== PROVIDED DATA ==
• • • • •

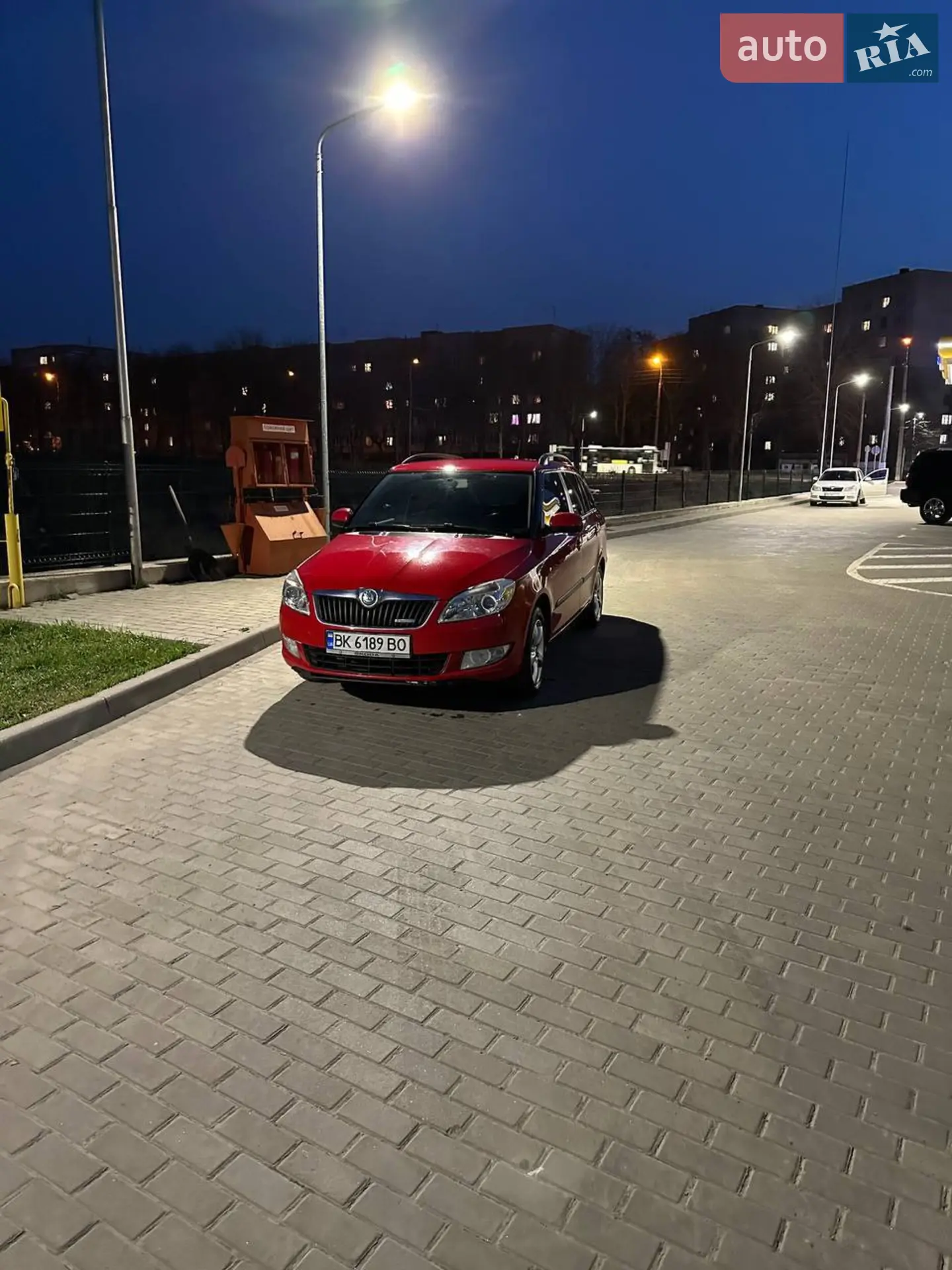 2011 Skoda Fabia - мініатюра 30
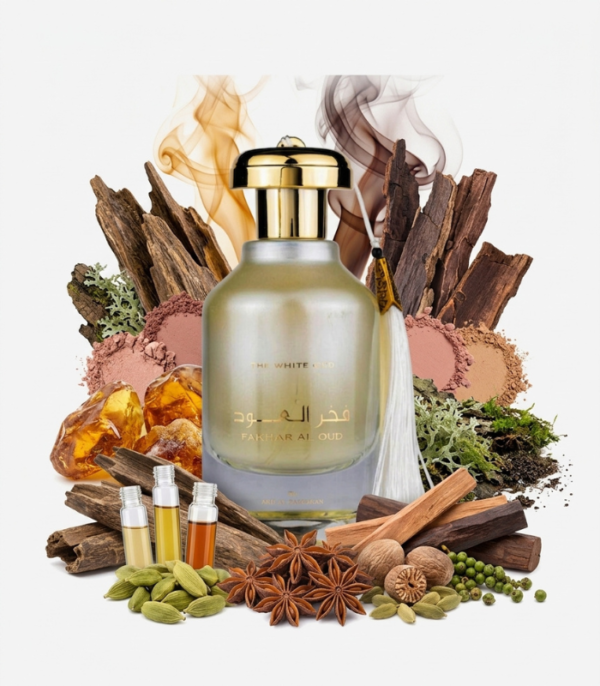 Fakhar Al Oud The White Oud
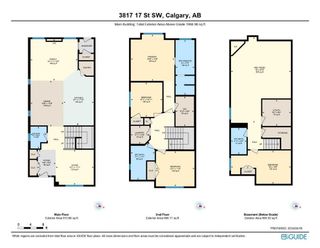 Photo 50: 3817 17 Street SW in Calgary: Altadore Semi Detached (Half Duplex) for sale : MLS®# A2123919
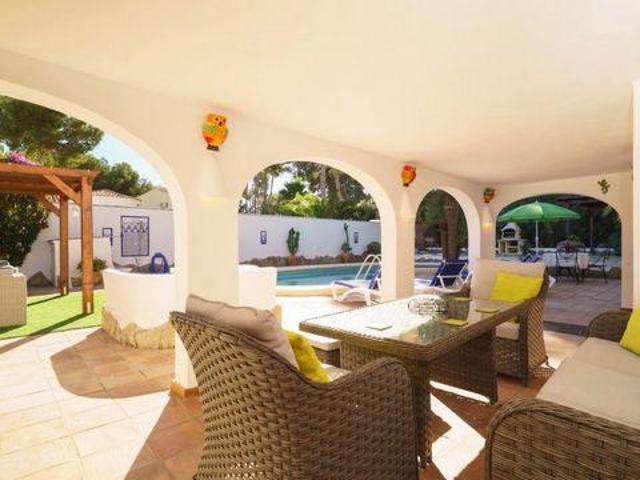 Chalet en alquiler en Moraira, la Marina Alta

• • • • •

== THE TASK ==
Print the data once more without any change, skipping each picture.

== WRITTEN ANSWER ==
 2011 Skoda Fabia - мініатюра 30
 Fakhar Al Oud The White Oud
 Photo 50: 3817 17 Street SW in Calgary: Altadore Semi Detached (Half Duplex) for sale : MLS®# A2123919
 Chalet en alquiler en Moraira, la Marina Alta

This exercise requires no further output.